5 Sentences By Paul Feyerabend

Paul Feyerabend has experienced a steady evolution of his thinking over the years. Today, let’s find out some of the phrases he left us.
5 sentences by Paul Feyerabend

Paul Feyerabend experienced a constant evolution of his thinking throughout his life. He passed through Popperian, anti-rationalist, empiricist, anti-empiricist, anti-positivist and relativist thought. All this made his sentences have an unparalleled richness.

Furthermore, we talk about one of the authors of the Incommensurability Thesis. In this sense, all his critical theories are summarized in one of the phrases with which he is most identified “Everything is valid”.

1. Shaping the brains of young people

This first sentence by Paul Feyerabend refers to the educational system of his time, which is still in place at least in part. A qualification system that labels a student as more or less intelligent or more or less hardworking.
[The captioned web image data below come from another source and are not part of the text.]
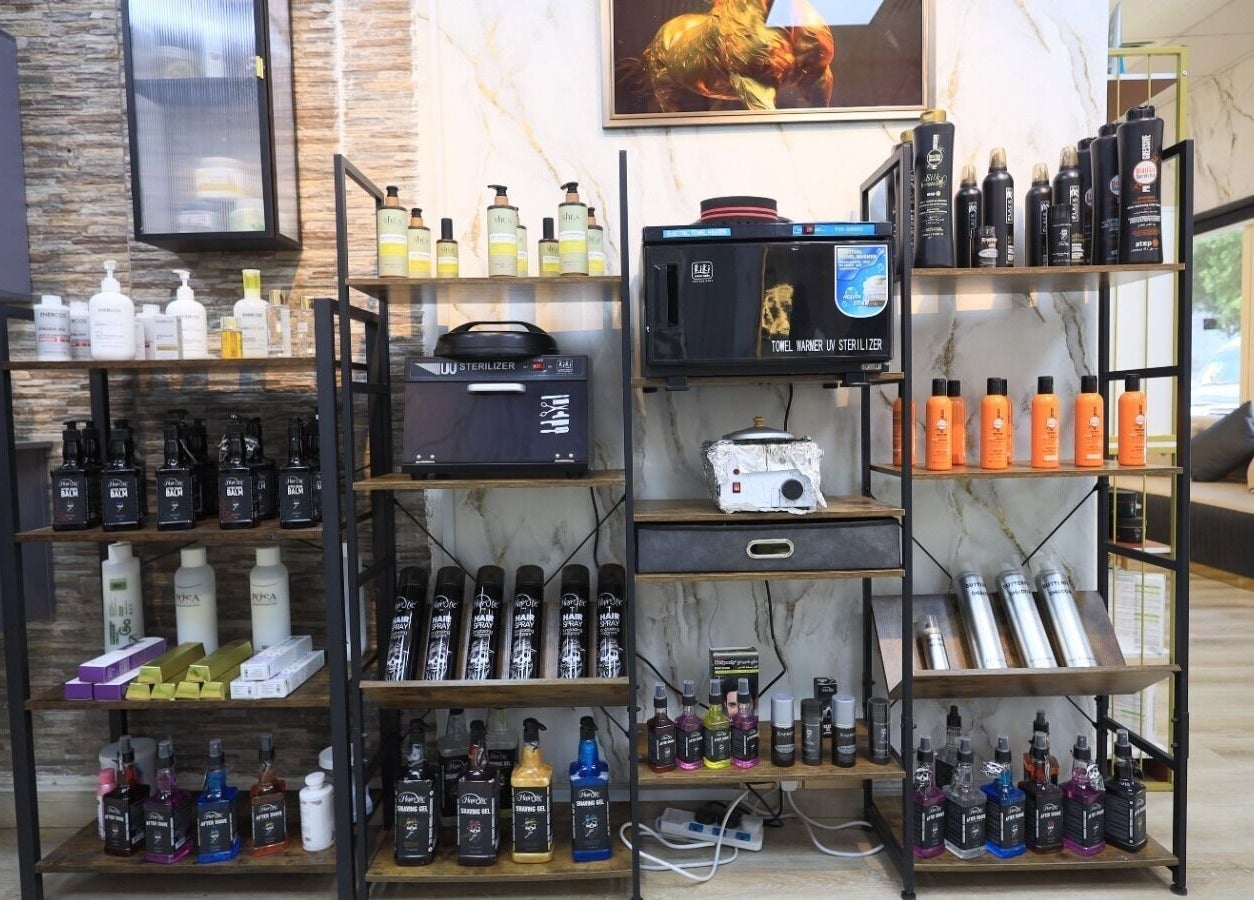 Product display shelves at Leaders Palace Gents Care Facility, Sharjah, Sharjah, AE showcasing quality grooming products.
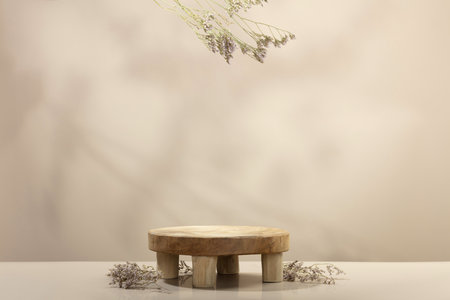 Empty round wooden podium for product presentation and dry leaves on beige background for cosmetic product mockupの写真素材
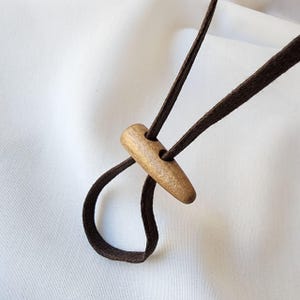 K&ouml;nnte beinhalten: Nahaufnahme eines Holzschalters mit zwei L&ouml;chern, befestigt an einer dunkelbraunen Kordel. Der Schalter ist hellbraun und zylindrisch, mit einer abgerundeten Form. Die Kordel ist geschlungen und scheint aus einem weichen, gewebten Material zu bestehen.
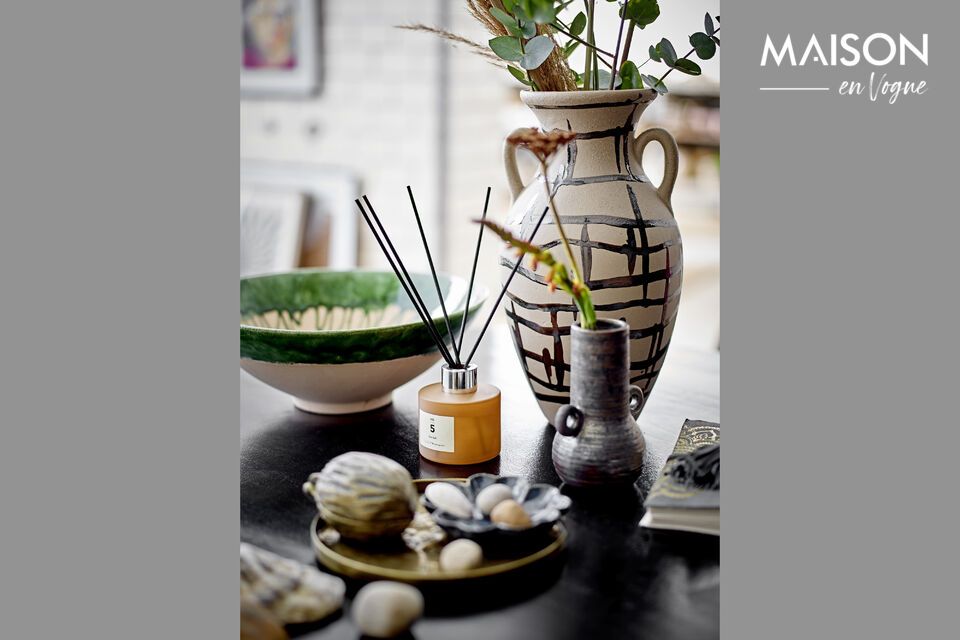 Discover the elegant simplicity and authenticity of the Moez Bowl from Bloomingville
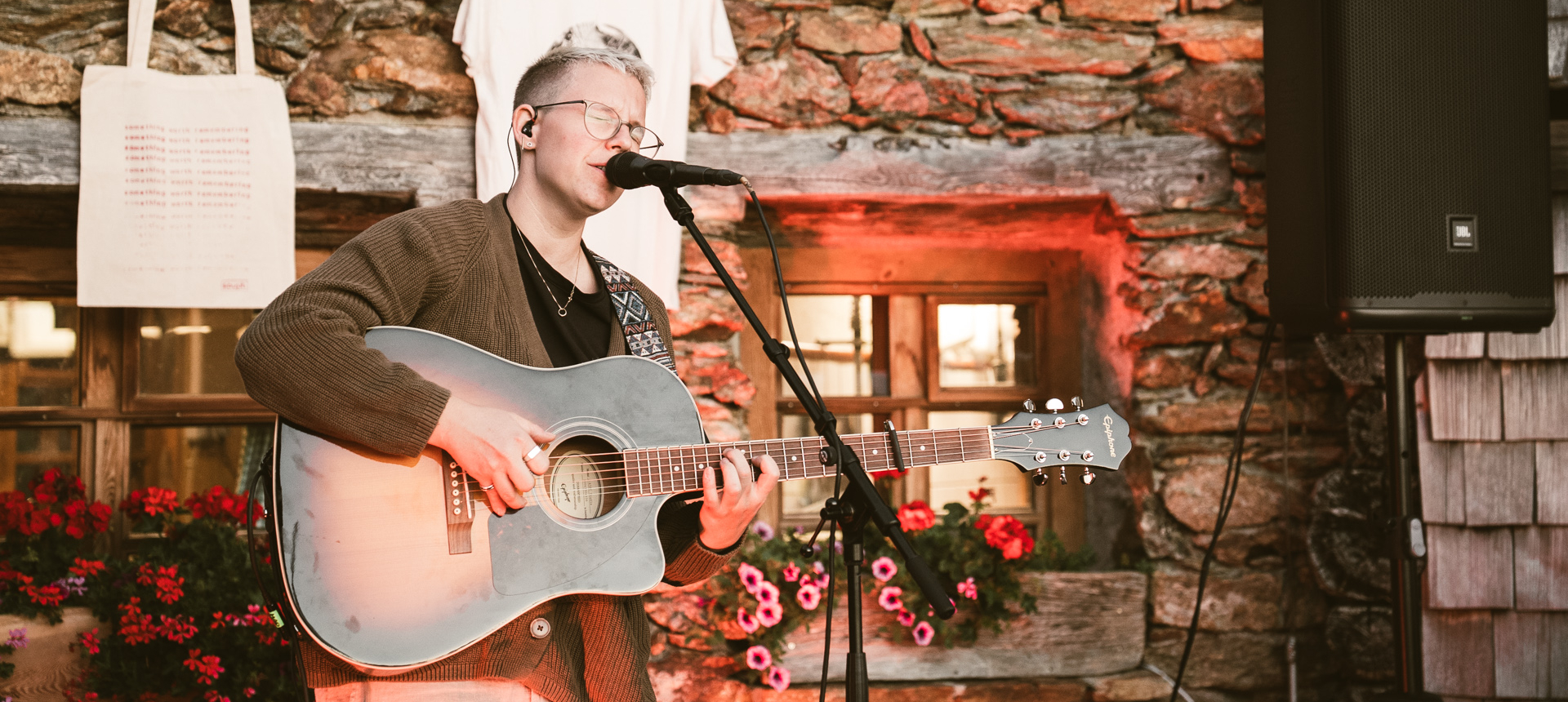 Souph singing into a microphone while playing an acoustic guitar during a live performance.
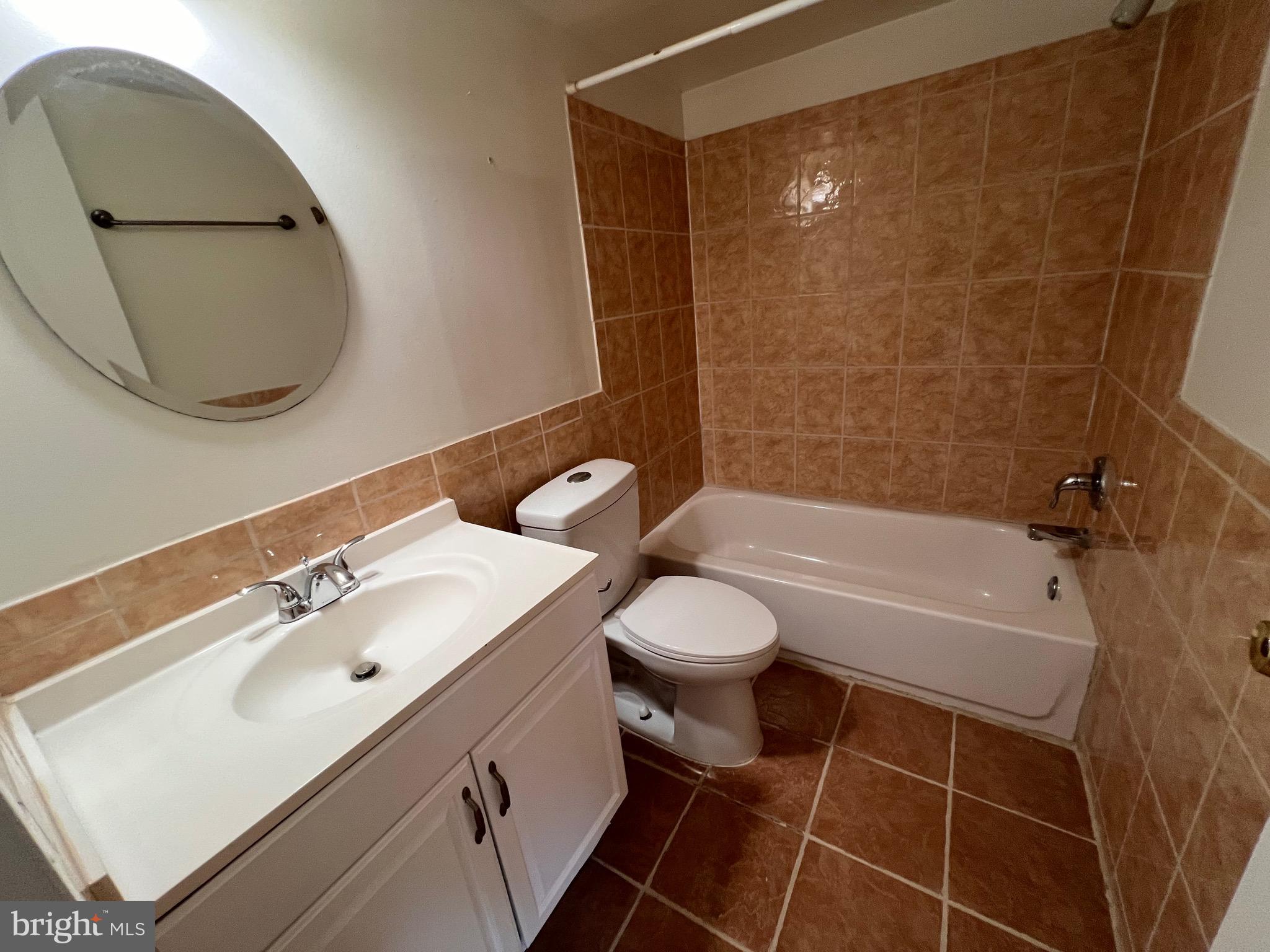 3964 Bel Pre Road, Unit 8 Silver Spring, MD 20906 - Photo 11 of 16 a bathroom with a sink a toilet and a mirror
In reality, intelligence and effort are just two of the many variables that influence this assessment.

Also, there is no room for creativity, just for memorization. The rush to transmit the entire curriculum makes teachers forget the most important thing: the construction of knowledge by students.

students in the classroom

2. We need a dream world

This is one of the criticisms in which Paul Feyerabend alludes to the way in which our thinking or our way of interpreting the world ends up generating our own world.

In other words, it is a conception of the environment we really work with. So, for example, everyone can give a different account of the same facts.

What he invites us to create is “a world of dreams” or, what is the same thing, a world full of possibilities in which we are aware that we can question our own reality. Vision through other eyes changes it radically.

3. Keep calm and smile

This third sentence by Paul Feyerabend talks about something as important as keeping in touch with the environment. With what our senses can capture, starting with the internal signals our own body sends us.

With this, we will gain a position that will make us much stronger in the face of difficulties.

So, for example, we will be able to understand how many people do not get lost when they are victims of fierce persecution from others.

In this way, the value of the comments is infinite, because if we let ourselves be carried away by these criticisms, we can stop doing what we like so much.

Man carrying the moon in wheelbarrow

4. For Paul Feyerabend, everything is worth it

This is one of Paul Feyerabend’s phrases that summarizes all his critical theories, so much so that he considered it a basic principle. This means that, in principle, all options are valuable, not that any option is potentially acceptable.

This makes a lot of sense, because if it’s all worth it, there are plenty of options. That doesn’t limit it, it’s just the opposite. It leads us to consider a series of possibilities that, later on, may or may not be suitable.

5. All methodologies have their limits

This last sentence by Paul Feyerabend refers to the limits that exist in all methodologies. As obvious or true as they may seem, in the end, when talking about a human product, they can always be improved.

Let’s think that, currently, theories and methodologies continue to emerge that improve or raise doubts against others that we consider solid.

All these sentences by Paul Feyerabend allowed us to discover his most critical part, because the evolution of thought that he experienced led him to an almost total questioning. This is very positive.

Discussing, objecting, and thinking about other possibilities enriches us much more than if we believe something is right and don’t think about other options.